Re: Big Data Captcha 22

Post by Typhoon »

The Prisoner's problem now seem quaint by comparison.

zalndXdxriI

as do the data acquisition methods.
May the gods preserve and defend me from self-righteous altruists; I can defend myself from my enemies and my friends.
noddy
Posts: 11318
Joined: Tue Dec 13, 2011 3:09 pm

Re: Big Data Captcha 22

Post by noddy »

“We can't afford to set up a system with no opt out and no protections for its citizens,” she says
ahahhahahahahaohohohohohohohahahahaha

sorry, i see that as realistic an option as opting out of any of the modern madness, they couldnt afford to allow it, the takeup rate would shock the twoo beliebers.
ultracrepidarian
User avatar
Doc
Posts: 12562
Joined: Sat Nov 24, 2012 6:10 pm

Re: Big Data Captcha 22

Post by Doc »

"we know who you are and what you like"

Quaint indeed
http://www.wirelessdesignmag.com/news/2 ... rack-users

Websites Using Device Fingerprinting to Secretly Track Users
Fri, 10/11/2013 - 9:22am
Kuleuven
Get today's design engineering headlines and news - Sign up now!

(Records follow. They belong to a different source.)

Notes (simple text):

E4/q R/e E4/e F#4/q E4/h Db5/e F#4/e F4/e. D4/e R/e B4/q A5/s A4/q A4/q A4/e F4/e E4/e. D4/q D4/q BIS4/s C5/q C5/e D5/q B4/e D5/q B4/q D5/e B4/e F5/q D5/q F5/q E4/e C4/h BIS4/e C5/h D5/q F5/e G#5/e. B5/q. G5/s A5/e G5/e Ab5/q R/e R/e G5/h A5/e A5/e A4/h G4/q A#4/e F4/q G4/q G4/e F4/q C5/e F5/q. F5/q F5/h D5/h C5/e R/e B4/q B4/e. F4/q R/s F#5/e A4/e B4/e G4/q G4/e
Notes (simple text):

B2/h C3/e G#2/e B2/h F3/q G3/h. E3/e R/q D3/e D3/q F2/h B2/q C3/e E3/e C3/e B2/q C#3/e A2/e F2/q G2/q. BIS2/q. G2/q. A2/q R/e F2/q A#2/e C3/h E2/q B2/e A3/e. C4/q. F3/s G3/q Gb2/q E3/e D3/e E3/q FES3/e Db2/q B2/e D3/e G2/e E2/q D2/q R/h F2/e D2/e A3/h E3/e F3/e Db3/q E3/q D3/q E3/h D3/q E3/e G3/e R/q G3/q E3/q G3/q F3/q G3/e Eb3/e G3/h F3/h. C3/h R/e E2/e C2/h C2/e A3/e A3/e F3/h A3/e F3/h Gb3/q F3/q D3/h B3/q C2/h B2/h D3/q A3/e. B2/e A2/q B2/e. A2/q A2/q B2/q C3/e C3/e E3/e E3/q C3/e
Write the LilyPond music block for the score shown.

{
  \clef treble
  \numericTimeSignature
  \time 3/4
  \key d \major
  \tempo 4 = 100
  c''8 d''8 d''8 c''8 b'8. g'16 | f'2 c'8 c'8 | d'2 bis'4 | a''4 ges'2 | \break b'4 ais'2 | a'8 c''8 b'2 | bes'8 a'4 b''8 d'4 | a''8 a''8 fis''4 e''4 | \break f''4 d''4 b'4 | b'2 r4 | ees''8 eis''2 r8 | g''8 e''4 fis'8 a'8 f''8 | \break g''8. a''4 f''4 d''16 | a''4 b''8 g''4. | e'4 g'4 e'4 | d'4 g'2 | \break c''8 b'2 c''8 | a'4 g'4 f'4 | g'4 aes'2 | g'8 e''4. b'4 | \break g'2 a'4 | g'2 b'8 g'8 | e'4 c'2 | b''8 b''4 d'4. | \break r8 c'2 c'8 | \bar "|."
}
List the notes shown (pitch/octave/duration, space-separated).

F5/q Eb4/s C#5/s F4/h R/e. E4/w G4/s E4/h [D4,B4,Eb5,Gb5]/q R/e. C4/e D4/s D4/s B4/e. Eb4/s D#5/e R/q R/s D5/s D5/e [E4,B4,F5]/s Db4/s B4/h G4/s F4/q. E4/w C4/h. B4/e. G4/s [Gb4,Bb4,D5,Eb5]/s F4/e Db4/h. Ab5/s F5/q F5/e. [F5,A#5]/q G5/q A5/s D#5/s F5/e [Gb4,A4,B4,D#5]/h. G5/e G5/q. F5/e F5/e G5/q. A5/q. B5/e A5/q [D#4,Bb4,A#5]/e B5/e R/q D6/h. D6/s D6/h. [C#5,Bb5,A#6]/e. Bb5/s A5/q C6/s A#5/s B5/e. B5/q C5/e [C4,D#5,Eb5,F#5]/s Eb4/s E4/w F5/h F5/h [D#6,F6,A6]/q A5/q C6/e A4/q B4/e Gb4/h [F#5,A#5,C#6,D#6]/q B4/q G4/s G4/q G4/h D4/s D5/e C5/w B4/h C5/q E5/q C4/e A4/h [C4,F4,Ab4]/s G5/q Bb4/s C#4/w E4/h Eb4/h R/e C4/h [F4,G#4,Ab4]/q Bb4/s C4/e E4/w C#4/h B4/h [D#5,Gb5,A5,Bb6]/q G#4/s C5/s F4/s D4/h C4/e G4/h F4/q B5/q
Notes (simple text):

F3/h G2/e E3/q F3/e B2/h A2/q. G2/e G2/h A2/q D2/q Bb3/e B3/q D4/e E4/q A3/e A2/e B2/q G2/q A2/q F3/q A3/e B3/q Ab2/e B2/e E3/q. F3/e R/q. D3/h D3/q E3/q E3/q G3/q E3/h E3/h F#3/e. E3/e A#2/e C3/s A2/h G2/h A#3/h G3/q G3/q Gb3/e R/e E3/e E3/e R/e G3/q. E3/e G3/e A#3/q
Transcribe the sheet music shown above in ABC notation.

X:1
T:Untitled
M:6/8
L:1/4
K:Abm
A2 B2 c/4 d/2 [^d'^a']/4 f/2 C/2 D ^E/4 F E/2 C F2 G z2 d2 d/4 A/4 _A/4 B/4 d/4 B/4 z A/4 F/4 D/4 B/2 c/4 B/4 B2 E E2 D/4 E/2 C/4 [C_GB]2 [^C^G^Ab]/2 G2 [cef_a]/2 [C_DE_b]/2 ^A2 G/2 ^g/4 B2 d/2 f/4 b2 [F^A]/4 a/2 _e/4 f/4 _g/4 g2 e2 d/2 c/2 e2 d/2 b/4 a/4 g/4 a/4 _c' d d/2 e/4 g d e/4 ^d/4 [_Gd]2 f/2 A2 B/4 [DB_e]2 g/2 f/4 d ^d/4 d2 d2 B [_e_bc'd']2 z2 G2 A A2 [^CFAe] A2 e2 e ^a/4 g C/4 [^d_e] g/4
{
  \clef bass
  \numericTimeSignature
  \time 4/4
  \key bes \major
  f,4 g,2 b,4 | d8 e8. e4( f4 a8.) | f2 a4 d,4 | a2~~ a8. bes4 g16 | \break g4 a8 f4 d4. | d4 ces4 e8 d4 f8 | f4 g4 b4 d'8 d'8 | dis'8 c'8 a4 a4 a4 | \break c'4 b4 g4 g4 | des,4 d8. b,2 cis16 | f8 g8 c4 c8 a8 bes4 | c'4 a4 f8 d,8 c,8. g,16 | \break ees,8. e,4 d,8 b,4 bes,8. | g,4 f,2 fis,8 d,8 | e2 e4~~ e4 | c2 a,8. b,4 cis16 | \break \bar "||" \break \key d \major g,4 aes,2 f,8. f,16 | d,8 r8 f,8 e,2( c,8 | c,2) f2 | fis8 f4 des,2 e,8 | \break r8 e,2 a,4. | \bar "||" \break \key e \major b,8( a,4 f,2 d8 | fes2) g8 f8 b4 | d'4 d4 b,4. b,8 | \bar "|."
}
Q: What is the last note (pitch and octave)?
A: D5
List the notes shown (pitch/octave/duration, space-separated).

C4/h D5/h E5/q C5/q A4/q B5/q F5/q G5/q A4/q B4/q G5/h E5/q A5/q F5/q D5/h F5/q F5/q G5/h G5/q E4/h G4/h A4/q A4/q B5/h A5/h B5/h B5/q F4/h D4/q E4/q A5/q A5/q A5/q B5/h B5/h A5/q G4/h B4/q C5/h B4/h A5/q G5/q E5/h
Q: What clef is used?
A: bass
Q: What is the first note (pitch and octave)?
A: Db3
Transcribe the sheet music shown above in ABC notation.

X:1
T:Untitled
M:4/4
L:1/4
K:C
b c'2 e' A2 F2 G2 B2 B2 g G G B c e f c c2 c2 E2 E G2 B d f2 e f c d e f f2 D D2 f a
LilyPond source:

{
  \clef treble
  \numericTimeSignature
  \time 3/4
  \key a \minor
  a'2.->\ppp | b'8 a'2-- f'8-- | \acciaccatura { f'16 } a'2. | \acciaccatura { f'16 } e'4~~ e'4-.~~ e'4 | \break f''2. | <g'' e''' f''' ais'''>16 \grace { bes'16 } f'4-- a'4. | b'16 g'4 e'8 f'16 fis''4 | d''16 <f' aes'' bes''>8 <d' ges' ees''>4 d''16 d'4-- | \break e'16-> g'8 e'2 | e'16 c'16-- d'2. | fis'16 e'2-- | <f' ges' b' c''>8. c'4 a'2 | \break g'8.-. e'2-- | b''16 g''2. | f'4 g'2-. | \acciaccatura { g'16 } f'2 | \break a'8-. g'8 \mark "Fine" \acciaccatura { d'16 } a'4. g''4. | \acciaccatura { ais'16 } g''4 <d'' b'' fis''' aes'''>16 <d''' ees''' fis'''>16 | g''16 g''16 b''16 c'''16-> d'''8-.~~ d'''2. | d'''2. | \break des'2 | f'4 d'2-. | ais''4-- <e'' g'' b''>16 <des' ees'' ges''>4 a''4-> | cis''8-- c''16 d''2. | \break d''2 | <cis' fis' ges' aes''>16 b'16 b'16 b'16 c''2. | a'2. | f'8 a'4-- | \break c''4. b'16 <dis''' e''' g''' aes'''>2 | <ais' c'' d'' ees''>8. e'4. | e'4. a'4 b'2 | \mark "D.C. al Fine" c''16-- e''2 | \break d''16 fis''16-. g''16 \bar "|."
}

A new study by KU Leuven-iMinds researchers has uncovered that 145 of the Internet’s 10,000 top websites track users without their knowledge or consent. The websites use hidden scripts to extract a device fingerprint from users’ browsers. Device fingerprinting circumvents legal restrictions imposed on the use of cookies and ignores the Do Not Track HTTP header. The findings suggest that secret tracking is more widespread than previously thought.

Device fingerprinting, also known as browser fingerprinting, is the practice of collecting properties of PCs, smartphones and tablets to identify and track users. These properties include the screen size, the versions of installed software and plugins, and the list of installed fonts. A 2010 study by the Electronic Frontier Foundation (EFF) showed that, for the vast majority of browsers, the combination of these properties is unique, and thus functions as a ‘fingerprint’ that can be used to track users without relying on cookies. Device fingerprinting targets either Flash, the ubiquitous browser plugin for playing animations, videos and sound files, or JavaScript, a common programming language for web applications.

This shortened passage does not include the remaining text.